Nadat Margot tijdens de bezetting de toegang is ontzegd tot het lyceum, het zwembad en de bibliotheek krijgt ze van de voorzitter te horen dat ze niet meer bij zijn Amsterdamse roeivereniging mag roeien. Voor de vijftienjarige Margot is dit een groter drama dan de eerdere beperkingen die haar – als joodse – zijn opgelegd, want roeien is haar lust en leven. Vanaf dat moment wil ze nog maar een ding: haar passie waardig achter zich laten door deel te nemen aan de jaarlijkse afsluiting van het roeiseizoen, een uitstapje naar Kikkereiland.

Het lijkt een gemakkelijk te realiseren doel, maar in de oorlogsjaren is niets eenvoudig als je joods bent en dus wordt het onderwerp van discussie. Vanaf dat moment gaat de roman vooral over de bestuursleden en het besluit dat zij moeten nemen dan over Margot zelf. De bestuursleden verschillen erg wat betreft hun opvattingen en niet iedereen is even begaan met de joodse kwestie. Integendeel zelfs. Ook is er een buitenechtelijke relatie tussen twee bestuursleden in het verhaal verweven. Uiteindelijk gaat Margot toch mee naar Kikkereiland en daar komt ze tot een bijzonder inzicht. Het verhaal eindigt als ze met behulp van Miep Gies onderduikt aan de Prinsengracht.

Het is dapper dat Zijlstra een hervertelling van overbekende gegevens vermijdt door bewust niet te schrijven over de tijd dat het gezin Frank samen met enkele anderen zit ondergedoken in het achterhuis noch over het verraad en de deportatie. Zijlstra houdt het klein door zich te focussen op een persoonlijk dilemma waarmee Margot kampt in plaats van zich specifiek op de gruwelen van de Tweede Wereldoorlog te richten. Dat is op zich een goed idee, want juist de belevenissen van een individu – in dit geval een intelligent meisje dat zich op een specifiek en realistisch doel richt – in dramatische omstandigheden maken door de herkenbaarheid indruk op de lezer. Het mooiste gedeelte van de roman is het allerlaatste hoofdstuk, waarin Margot onderduikt en het tot haar doordringt dat ze vanaf dat moment is afgeschermd van het echte leven:

We zijn hier, mollen, rioolrattenen wormen, we zijn onder de voet gelopen en zijn afhankelijk van de mensen met voetstappen, stemmen, woorden en daden. We zullen in de schaduw van het bestaan  moeten overleven. In de echo van een hoest zal ik hoesten, in de echo van jouw stem zal ik fluisteren, in het ritme van jouw voetstap zal ik lopen. Maar ik ben het niet zelf. Jij bent het en niet ik. Ik ben opgehouden te bestaan.

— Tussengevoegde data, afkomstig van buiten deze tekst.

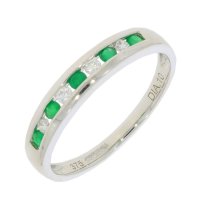 Guest and Philips - 9CT 0.10PTS DIAMOND, Emerald Set, White Gold - RING 09RIDG85549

Zo goed als in dit mooie fragment leren we Margot helaas slechts een enkele keer kennen. Als poging om Margot uit de schaduw van haar beroemde zusje te laten treden, zoals de flaptekst belooft, is het boek namelijk niet bijzonder geslaagd. Daarvoor gaat de roman te weinig over Margot zelf. De lezer vangt hooguit een glimp op van haar persoonlijkheid. Margot is vooral een verhaal geworden over een bestuur van een roeivereniging dat met een lastige kwestie in de maag zit.

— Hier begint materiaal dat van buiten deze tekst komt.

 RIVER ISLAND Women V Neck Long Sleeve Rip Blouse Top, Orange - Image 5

De geringe lengte van het romangedeelte (156 bladzijden) en de vele uitstapjes naar andere, minder interessante personages wekken de indruk dat de schrijfster moeite had een volwaardige roman te schrijven rondom de weinige bekende gegevens. Het nawoord en de interessante biografie van Margot Frank die daarna volgen bevestigen dat beeld. Hierin legt Zijlstra uit waar en waarom ze zich bepaalde artistieke vrijheden heeft veroorloofd. Daarmee dekt zij zich in tegen eventuele kritiek op haar interpretatie van de feiten. Meerdere malen schrijft Zijlstra dat ze een idee had voor een bepaalde verhaallijn, maar die werkte ze vervolgens dan toch maar niet uit, want ‘ik vond het te toch te makkelijk. Alweer de valkuil van het valse sentiment en die van de valse romantiek.’

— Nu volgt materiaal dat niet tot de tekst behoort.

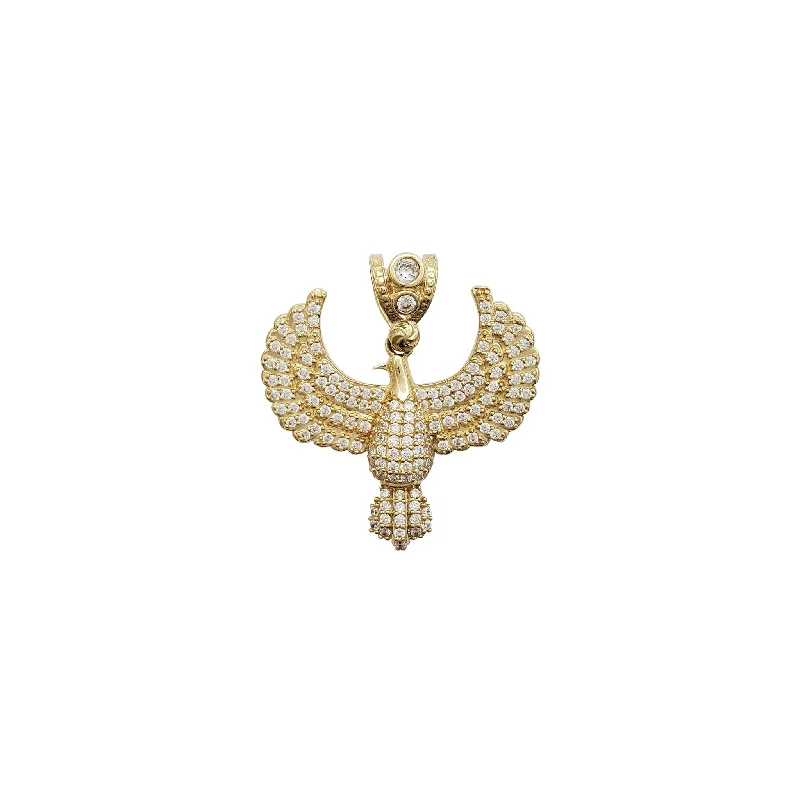 adjustable silver cuff bracelet Iced-Out Pigeon CZ Pendant (14K)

Geloofwaardig wordt het verhaal wel van zulke keuzes, maar je krijgt door zo’n toelichting tevens het gevoel dat de schrijfster zich uit angst voor kritiek wat te weinig artistieke vrijheden durfde te veroorloven. Voor een biografie bevat het boek te veel fictieve elementen en voor een roman worden de feiten erg bescheiden ingekleurd. Margot is een voorbeeld van een roman die te veel van alles wil zijn en uiteindelijk te weinig van iets is. En daarmee zet Zijlstra helaas de neerwaartse lijn voort die zij heeft ingezet sinds haar debuut.

Lucas Zandberg

Sophie Zijlstra – Margot. Querido, Amsterdam. 246 blz. € 18,95.